DVD-Audio Format
In my recent quest to find new music, I bumped in to brand new DVD-A format on which many new demanding music albums are being delivered. It appears that this is definitely the next generation of music quality but there is very little or no information on many of its aspects. Here I’ll try to summarize what I found so far:
This format is capable of delivering very high quality multi-channel surround sound on your home theater system. The DVD-A format is entirely different than usual Dolby Digital or DTS which is used for DVD movies. The quality that could be delivered using DVD-A is superior than Dolby Digital or DTS. If you look in to your DVD disk in Windows Explorer, you will find that there are two folders: Audio_TS and Video_TS. So far, only Video_TS folder was used to put all the movie files on DVDs because industry wasn’t settled on standards for DVD-A format.
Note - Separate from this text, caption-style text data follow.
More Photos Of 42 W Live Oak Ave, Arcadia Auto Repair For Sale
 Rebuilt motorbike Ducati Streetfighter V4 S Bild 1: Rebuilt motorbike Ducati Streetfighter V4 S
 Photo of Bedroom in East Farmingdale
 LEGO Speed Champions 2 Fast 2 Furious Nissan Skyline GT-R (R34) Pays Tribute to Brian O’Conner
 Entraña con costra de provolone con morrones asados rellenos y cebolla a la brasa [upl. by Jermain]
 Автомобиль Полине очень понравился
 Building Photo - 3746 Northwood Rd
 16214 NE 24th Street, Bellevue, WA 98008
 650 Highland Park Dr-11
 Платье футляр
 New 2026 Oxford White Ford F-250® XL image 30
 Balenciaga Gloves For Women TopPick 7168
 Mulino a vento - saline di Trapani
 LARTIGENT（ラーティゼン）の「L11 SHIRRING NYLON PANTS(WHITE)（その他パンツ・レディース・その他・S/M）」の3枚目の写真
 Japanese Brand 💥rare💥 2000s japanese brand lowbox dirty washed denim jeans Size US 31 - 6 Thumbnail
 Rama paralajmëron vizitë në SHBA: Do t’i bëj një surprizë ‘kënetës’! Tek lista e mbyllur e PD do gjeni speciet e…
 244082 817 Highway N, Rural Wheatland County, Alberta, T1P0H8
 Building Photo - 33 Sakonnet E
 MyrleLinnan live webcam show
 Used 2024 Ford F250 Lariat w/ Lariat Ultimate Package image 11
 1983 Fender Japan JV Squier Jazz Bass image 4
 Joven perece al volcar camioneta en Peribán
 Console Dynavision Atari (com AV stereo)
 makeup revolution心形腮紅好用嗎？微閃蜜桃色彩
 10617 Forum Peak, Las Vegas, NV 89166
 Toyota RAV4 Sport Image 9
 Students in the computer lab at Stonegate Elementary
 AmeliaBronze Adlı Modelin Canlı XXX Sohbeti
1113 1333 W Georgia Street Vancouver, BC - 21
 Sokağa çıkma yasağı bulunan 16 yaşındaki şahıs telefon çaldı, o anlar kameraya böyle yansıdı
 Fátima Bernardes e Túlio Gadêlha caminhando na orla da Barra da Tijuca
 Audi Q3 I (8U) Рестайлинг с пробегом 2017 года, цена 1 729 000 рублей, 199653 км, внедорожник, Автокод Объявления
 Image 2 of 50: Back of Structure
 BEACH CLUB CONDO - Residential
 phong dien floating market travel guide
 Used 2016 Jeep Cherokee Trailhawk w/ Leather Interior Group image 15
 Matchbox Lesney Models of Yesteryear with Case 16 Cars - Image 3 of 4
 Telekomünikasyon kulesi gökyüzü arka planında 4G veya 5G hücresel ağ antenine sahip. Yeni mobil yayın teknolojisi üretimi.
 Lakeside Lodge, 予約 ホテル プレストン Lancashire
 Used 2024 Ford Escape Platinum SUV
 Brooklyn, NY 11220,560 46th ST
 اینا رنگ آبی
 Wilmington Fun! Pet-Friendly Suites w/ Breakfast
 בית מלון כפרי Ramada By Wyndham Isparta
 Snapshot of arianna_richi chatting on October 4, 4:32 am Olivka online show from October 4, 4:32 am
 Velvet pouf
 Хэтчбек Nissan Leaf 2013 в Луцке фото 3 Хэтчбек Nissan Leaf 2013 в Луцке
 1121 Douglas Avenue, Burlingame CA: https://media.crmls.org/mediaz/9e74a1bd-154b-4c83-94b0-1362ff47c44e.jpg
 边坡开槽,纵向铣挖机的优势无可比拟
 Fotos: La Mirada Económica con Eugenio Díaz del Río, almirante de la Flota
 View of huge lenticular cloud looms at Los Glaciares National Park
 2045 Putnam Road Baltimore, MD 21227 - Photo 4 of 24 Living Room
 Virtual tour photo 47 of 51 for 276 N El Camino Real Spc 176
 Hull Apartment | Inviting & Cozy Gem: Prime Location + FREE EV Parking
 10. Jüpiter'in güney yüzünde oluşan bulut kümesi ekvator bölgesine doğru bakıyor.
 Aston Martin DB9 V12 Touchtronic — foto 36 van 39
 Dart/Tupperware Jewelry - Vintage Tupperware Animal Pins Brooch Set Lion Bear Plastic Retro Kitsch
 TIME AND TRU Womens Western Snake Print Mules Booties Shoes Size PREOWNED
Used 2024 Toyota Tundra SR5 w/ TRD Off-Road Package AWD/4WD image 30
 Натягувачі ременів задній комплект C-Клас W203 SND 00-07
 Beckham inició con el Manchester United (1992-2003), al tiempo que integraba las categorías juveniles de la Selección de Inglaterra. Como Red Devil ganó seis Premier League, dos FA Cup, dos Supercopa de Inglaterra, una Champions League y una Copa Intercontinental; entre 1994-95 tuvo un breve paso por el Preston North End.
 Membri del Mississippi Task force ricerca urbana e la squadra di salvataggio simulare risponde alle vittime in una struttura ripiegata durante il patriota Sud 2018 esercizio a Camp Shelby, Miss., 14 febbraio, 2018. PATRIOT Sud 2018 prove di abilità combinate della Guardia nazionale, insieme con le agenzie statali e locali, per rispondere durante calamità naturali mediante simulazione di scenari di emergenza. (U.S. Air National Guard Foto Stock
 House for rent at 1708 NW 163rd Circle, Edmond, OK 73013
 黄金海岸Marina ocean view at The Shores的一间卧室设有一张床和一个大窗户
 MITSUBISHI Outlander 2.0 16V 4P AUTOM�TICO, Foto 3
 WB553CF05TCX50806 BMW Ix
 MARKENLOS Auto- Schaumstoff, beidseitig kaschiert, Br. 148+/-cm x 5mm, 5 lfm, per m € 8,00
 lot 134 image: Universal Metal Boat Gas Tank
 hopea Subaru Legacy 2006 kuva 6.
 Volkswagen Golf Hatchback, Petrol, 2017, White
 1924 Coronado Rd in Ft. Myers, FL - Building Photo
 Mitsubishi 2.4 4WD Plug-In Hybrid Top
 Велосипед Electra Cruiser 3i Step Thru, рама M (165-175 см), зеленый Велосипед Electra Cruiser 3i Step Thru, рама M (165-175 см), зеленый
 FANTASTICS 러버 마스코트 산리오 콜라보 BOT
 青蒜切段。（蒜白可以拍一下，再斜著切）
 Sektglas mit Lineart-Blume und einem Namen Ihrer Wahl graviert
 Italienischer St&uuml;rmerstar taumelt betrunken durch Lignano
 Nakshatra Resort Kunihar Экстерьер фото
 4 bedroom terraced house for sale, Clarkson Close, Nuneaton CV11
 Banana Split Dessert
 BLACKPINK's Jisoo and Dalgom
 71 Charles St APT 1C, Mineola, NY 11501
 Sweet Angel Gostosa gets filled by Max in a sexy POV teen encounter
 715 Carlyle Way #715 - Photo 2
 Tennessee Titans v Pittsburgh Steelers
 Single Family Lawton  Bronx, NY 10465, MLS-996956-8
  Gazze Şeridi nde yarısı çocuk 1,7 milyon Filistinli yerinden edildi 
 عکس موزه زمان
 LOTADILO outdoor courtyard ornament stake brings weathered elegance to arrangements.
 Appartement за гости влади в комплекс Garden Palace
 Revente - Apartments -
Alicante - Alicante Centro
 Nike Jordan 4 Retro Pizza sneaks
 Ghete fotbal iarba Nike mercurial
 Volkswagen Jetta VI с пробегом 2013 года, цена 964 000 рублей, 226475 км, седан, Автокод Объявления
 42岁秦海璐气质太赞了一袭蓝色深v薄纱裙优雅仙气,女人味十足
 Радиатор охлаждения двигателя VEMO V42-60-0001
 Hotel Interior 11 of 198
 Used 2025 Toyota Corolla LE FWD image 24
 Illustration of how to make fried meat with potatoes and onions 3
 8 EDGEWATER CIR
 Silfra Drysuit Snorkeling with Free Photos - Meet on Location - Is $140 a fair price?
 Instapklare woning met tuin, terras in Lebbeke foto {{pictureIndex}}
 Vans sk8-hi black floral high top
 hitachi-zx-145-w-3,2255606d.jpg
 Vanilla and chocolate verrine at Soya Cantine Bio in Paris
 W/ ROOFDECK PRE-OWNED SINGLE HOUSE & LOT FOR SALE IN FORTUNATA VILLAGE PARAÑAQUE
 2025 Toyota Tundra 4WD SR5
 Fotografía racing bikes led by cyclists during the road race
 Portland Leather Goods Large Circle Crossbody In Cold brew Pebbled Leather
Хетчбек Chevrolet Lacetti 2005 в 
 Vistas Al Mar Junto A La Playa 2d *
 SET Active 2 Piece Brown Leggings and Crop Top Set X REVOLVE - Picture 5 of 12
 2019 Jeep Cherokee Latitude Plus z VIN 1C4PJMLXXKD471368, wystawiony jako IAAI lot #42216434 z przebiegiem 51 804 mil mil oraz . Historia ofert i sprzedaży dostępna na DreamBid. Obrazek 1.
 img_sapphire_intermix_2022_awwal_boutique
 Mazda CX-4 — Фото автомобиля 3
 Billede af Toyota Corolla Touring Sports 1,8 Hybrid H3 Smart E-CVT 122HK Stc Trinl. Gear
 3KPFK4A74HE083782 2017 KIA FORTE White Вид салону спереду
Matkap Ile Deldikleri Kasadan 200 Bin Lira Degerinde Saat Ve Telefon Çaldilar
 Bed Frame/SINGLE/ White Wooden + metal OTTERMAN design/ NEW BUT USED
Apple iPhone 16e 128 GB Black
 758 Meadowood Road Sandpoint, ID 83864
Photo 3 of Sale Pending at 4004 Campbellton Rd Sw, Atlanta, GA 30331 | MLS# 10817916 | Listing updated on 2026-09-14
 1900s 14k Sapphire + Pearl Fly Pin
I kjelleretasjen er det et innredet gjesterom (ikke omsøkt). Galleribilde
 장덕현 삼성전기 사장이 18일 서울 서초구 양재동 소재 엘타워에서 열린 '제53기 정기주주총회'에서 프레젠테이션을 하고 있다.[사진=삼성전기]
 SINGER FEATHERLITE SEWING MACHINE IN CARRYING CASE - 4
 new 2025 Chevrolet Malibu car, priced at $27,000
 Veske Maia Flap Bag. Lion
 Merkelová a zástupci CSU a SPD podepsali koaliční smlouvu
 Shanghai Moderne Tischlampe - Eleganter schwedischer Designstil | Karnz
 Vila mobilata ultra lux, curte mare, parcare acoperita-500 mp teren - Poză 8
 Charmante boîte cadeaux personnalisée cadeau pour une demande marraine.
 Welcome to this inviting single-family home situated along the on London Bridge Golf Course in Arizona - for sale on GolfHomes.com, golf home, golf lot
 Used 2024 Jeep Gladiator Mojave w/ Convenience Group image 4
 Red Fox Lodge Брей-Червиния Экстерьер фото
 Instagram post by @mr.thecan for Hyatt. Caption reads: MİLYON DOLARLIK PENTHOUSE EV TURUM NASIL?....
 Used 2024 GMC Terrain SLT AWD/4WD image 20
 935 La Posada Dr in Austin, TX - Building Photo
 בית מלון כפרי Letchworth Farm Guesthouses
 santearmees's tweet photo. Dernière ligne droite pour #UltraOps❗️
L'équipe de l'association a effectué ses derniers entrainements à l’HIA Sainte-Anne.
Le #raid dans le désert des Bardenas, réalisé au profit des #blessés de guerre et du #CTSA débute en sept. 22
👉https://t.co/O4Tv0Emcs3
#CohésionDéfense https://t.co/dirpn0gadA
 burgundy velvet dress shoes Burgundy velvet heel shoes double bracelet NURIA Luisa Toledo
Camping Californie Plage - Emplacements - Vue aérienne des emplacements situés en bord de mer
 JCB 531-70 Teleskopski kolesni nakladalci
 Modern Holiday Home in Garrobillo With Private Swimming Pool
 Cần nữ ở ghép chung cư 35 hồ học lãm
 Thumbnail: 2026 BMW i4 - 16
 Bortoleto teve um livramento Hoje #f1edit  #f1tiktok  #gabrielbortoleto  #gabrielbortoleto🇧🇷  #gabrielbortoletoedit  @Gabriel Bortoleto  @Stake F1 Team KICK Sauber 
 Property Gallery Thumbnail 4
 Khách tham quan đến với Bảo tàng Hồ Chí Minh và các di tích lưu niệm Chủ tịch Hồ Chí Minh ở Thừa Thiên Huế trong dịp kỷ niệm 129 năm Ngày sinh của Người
Recently standards have been finalized and loads of new music albums are now being released in this format. They have content inside Audio_TS folder which contains DVD-A audio tracks in files with extension .aob. Because its brand new format, you need newer DVD players or sound cards to play it. However because most people aren’t going to upgrade their DVD players soon, these audio DVDs supply same sound tracks in Video_TS folder encoded in usual Dolby Digital or DTS which all players knows how to play.
Now say you buy an audio album on DVD disc. Obviously you can’t play it on car stereo or your portable MP3 players because it’s a DVD disc rather than normal audio CD. Or you might want to take backup of your DVD-A disc as WMA Pro files on your PC whcih allows 7.1 surround sound and playback. So what you do? You need to convert DVD disc in to normal Audio disc or rip tracks to MP3s. Unfortunately this isn’t easy. The DVD-A format employs higher level of encryption than usual DVDs. The DVD videos (stored in .vob files) employs copy protection scheme called CSS which can be broken in to very easily using DeCSS or even more friendly DVD Decryptor. But DVD-A format which was developed later has learned lesson from this hack and currently there is no known way to decrypt .aob files which contains DVD-A audio tacks. That means you can’t rip MP3s out of AOB files. Your only way out is to rip off from slightly lower quality Dolby/DTS formatted tracks. The most reliable and easy to use software to do this is DVD Audio Extractor. Fortunately many DVD-A albums also provides LPCM version of tracks along with AC3 (i.e. Dolby Digital)/DTS format. So to burn normal audio CDs or MP3s you might want to choose LPCM version. If DVD-A disc doesn’t contain LPCM tracks, than you are out of luck. The down-mix/demux process employed by most software to convert surround sound from AC3/DTS to plain stereo format doesn’t produce same quality as commercially available stereo tracks. Though you can try some equations to combine 5.1 channels in to stereo using SoftEncode etc and usually DTS works better than AC3.